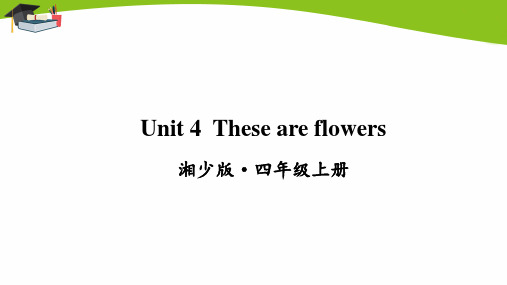 湘少版四年级上册英语Unit 4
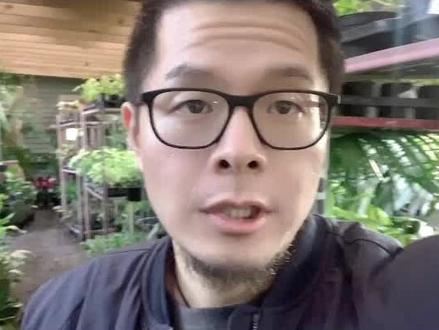 10w能不能留学新西兰?#新西兰 #新西兰留学生活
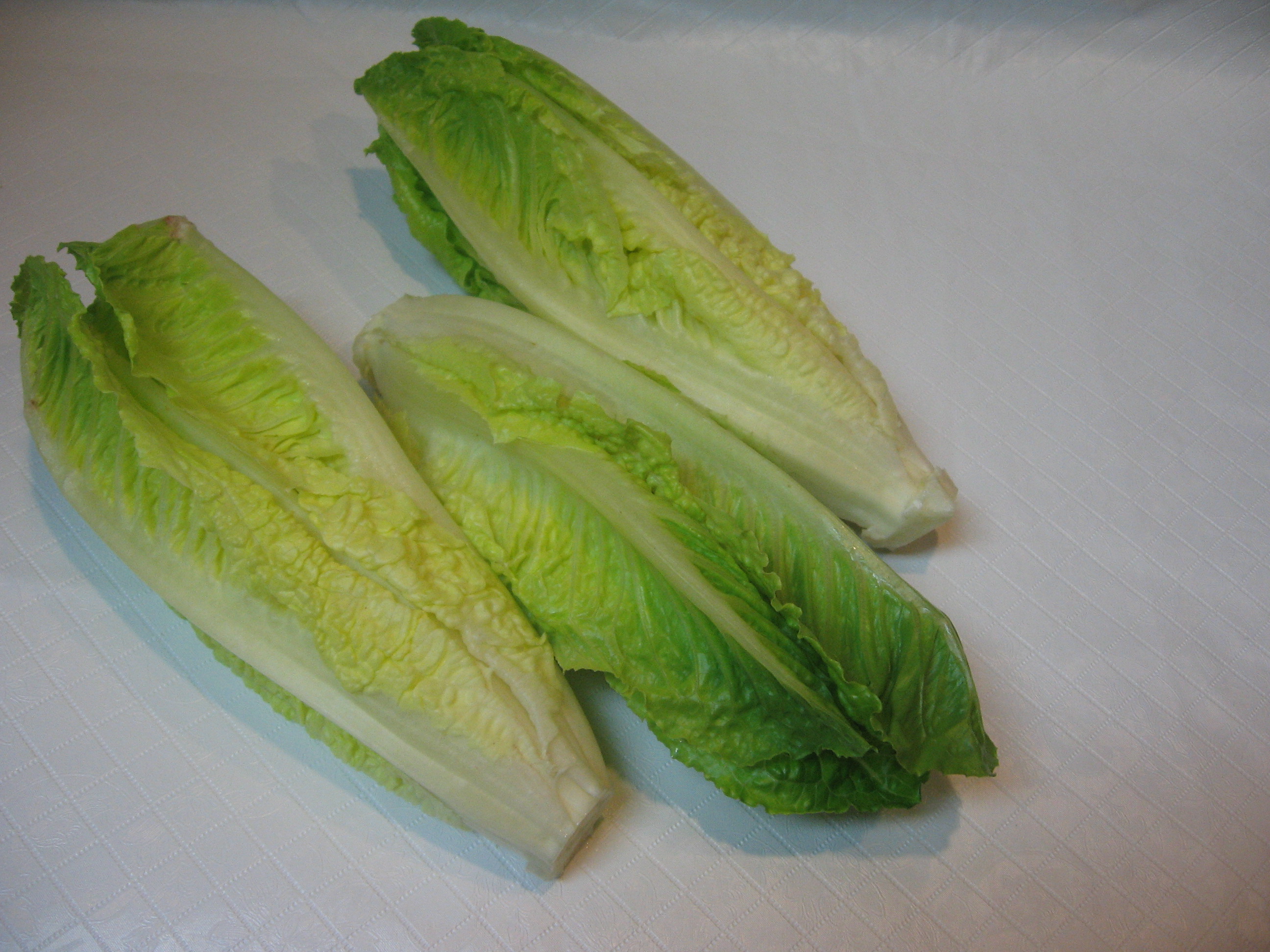 Romaine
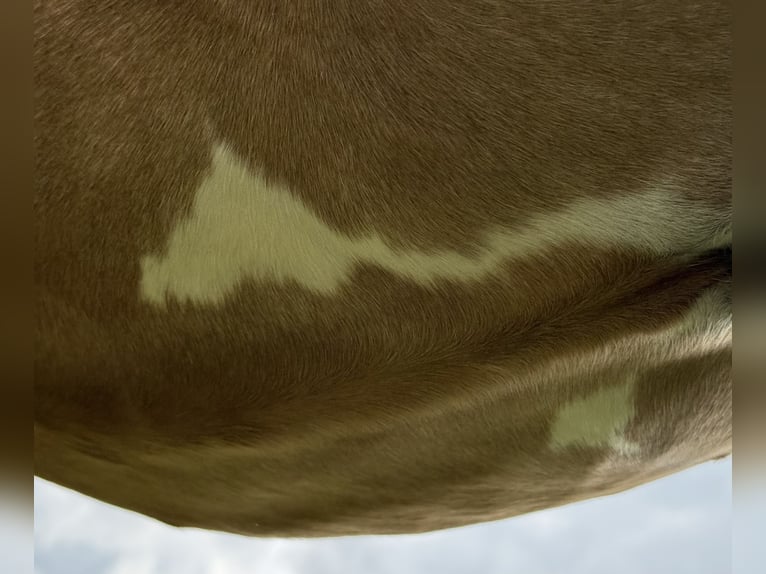 Deutsches Reitpony Stute 1 Jahr 139 cm Fuchs in Wuppertal
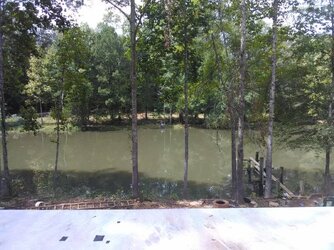 IMG_20180924_134449.jpg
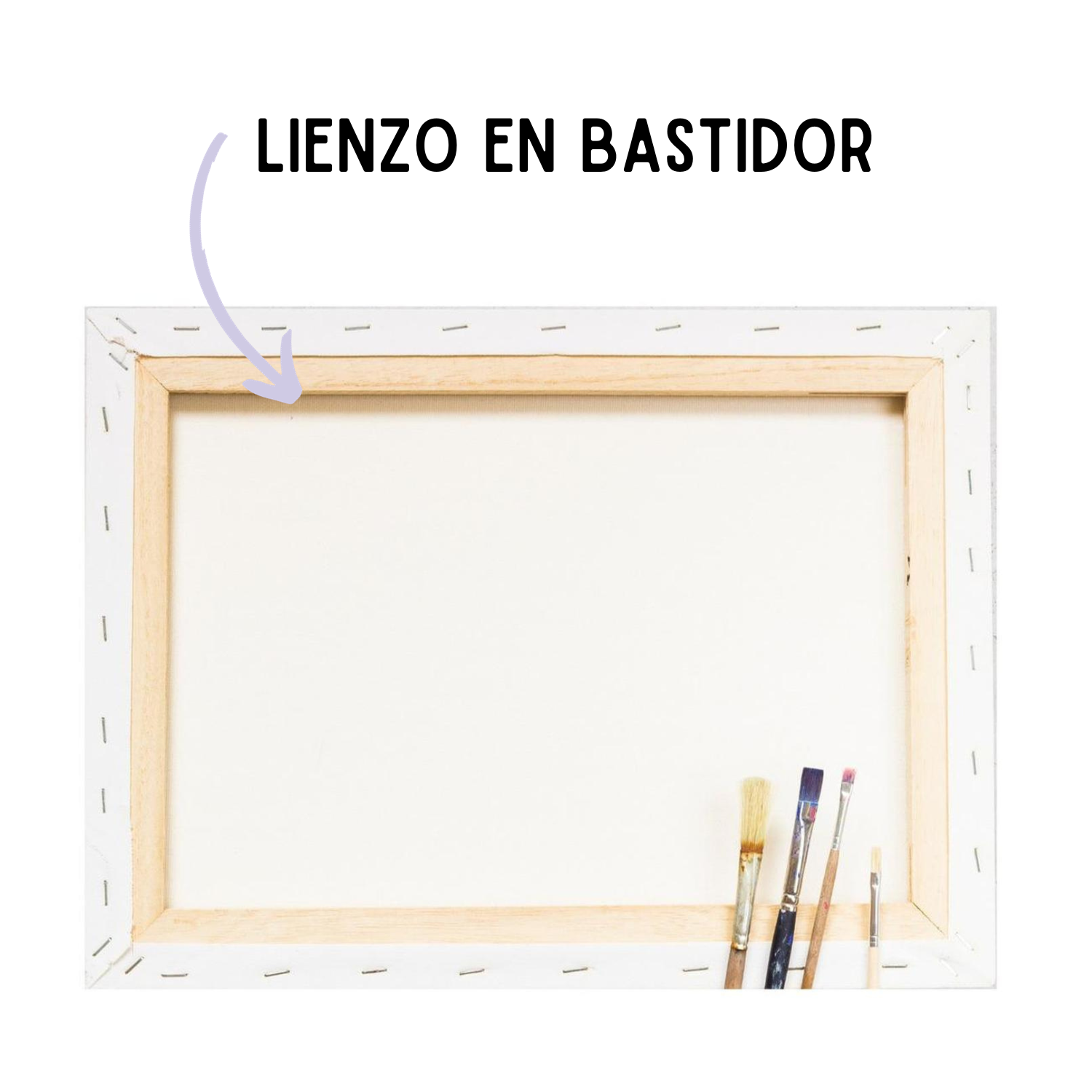 Pintura Por Números -Colibri Marco Incluido - Paint By Numbers-1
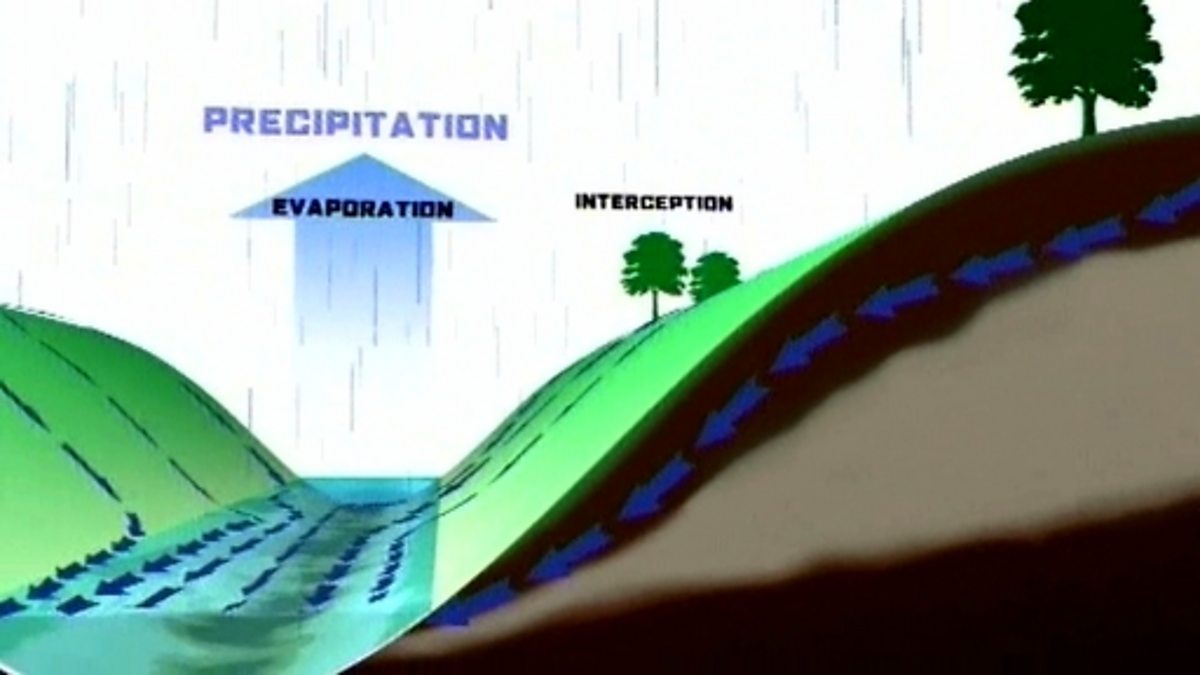 The hydrological cycle BBC Bitesize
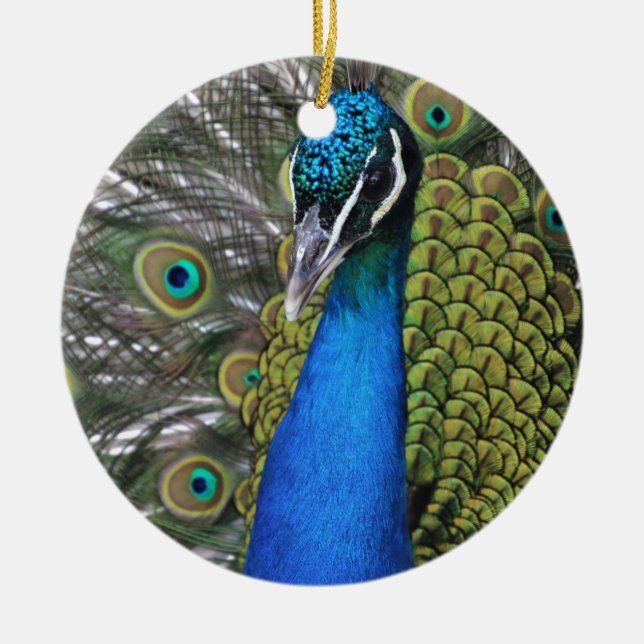 Helle blaue und grüne Federn des Pfau-w geöffnet Keramik Ornament (Vorne)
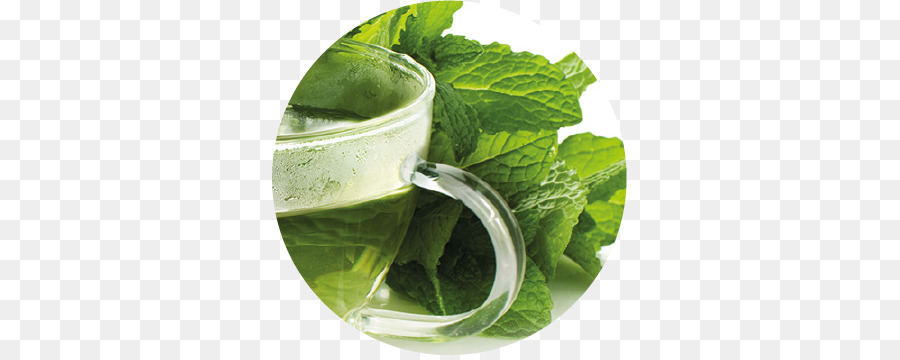 Mojito，De Verduras De Primavera PNG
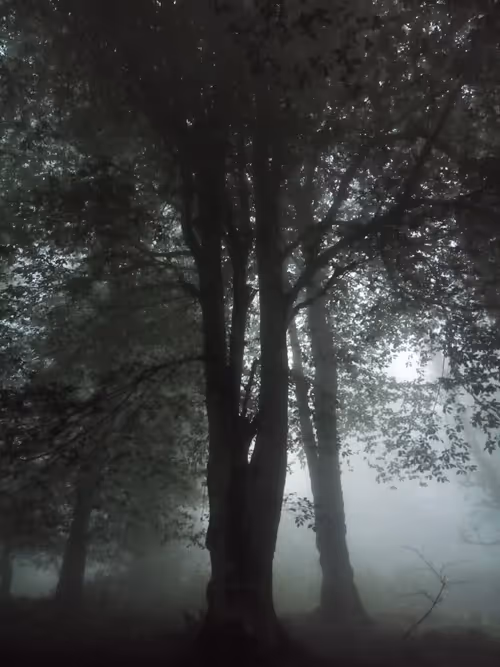 Item #97219865858787663326181629468222283976607091941944133530001367217152804782081 Media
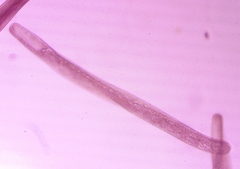 Spirostomum ambiguum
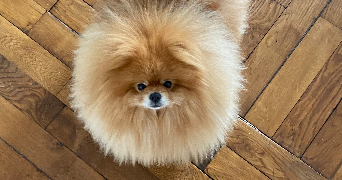 capucine pet sitter à nancy 54000_2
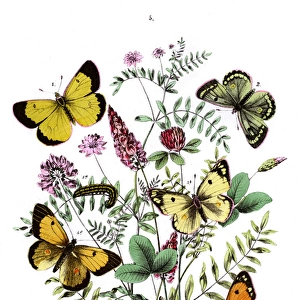 Illustration, Pieridae
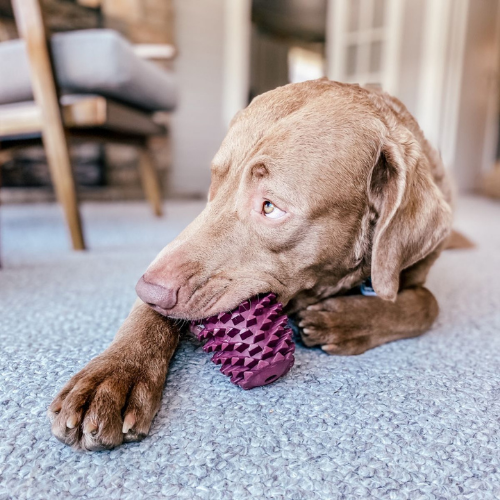 Tall Tails Natural Rubber Pinecone Reward Dog Toy 4 in
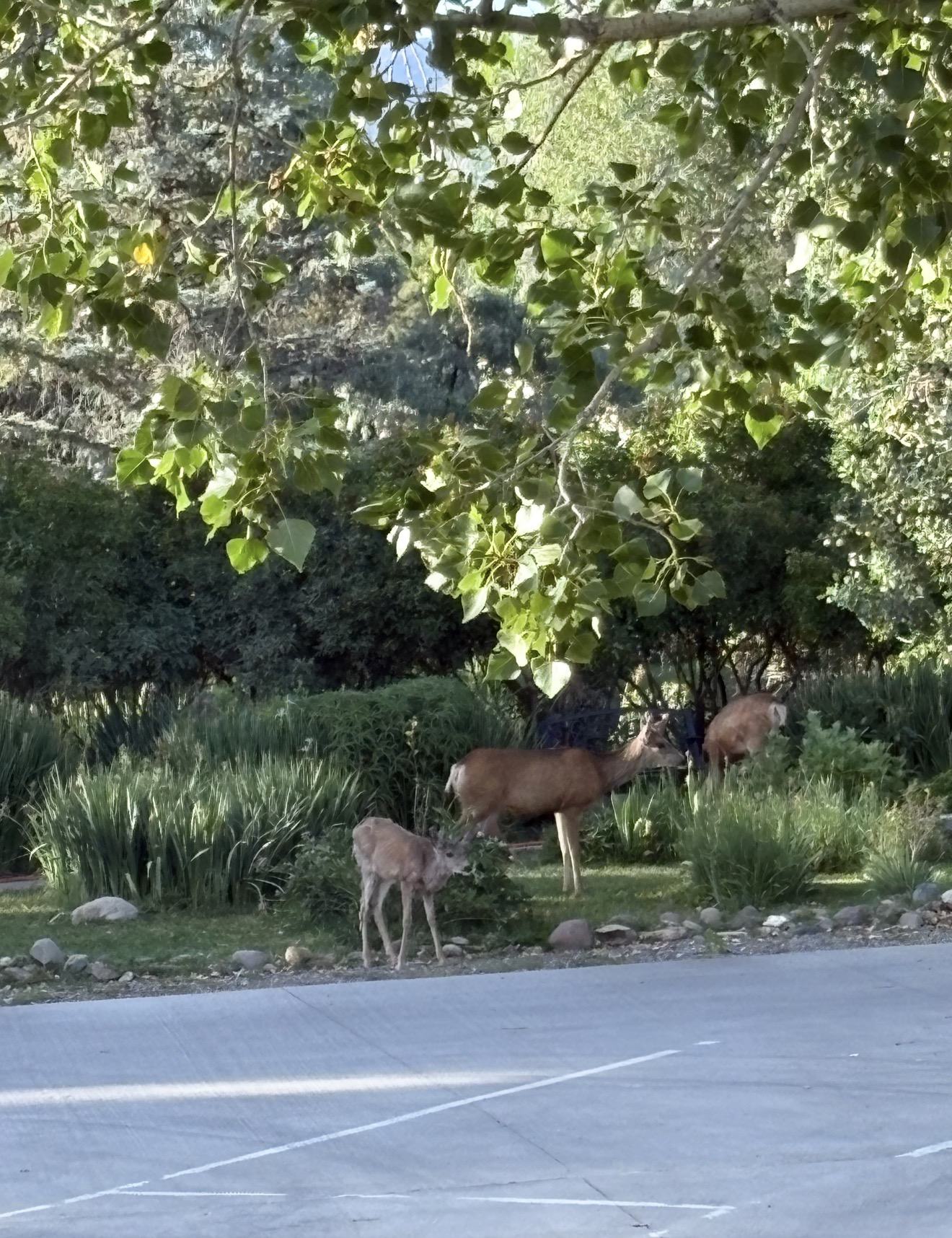 Deer family visiting the landscaped grounds at Spring Creek Chalet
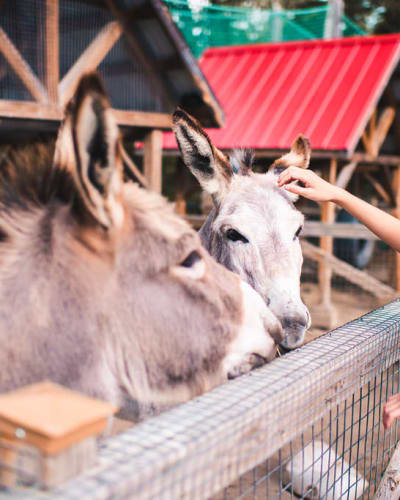  A young girl pets a donkey at the Saint-Félicien Wild Zoo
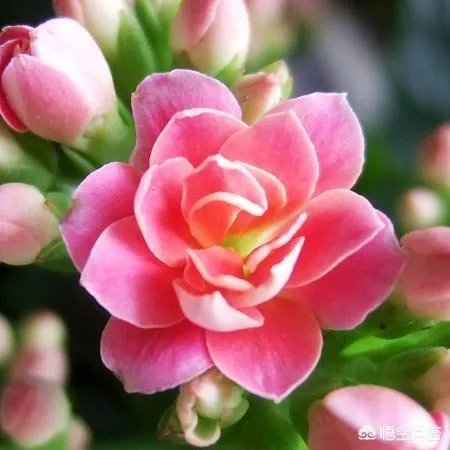 为什么有心栽花花就不活?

TASK OBJECTIVE: With the pictures omitted, copy the entries above exactly from the line containing "10w能不能留学新西兰?#新西兰 #新西兰留学生活" through the line containing "capucine pet sitter à nancy 54000_2", both lines included.

TASK ANSWER:
 10w能不能留学新西兰?#新西兰 #新西兰留学生活
 Romaine
 Deutsches Reitpony Stute 1 Jahr 139 cm Fuchs in Wuppertal
 IMG_20180924_134449.jpg
 Pintura Por Números -Colibri Marco Incluido - Paint By Numbers-1
 The hydrological cycle BBC Bitesize
 Helle blaue und grüne Federn des Pfau-w geöffnet Keramik Ornament (Vorne)
 Mojito，De Verduras De Primavera PNG
 Item #97219865858787663326181629468222283976607091941944133530001367217152804782081 Media
 Spirostomum ambiguum
 capucine pet sitter à nancy 54000_2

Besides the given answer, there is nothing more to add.